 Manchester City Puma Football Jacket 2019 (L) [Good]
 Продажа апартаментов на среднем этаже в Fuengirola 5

....

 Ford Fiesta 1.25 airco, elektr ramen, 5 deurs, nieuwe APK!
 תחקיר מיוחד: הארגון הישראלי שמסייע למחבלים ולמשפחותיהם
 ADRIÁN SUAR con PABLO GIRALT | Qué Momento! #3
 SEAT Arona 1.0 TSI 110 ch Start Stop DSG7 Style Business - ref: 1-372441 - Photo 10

....

— YOUR GOAL —
Exactly the lines above from the one with "Manchester City Puma" to the one with "Продажа апартаментов на", both included, are to be quoted; leave the rest out.

— WORKED SOLUTION —
 Manchester City Puma Football Jacket 2019 (L) [Good]
 Продажа апартаментов на среднем этаже в Fuengirola 5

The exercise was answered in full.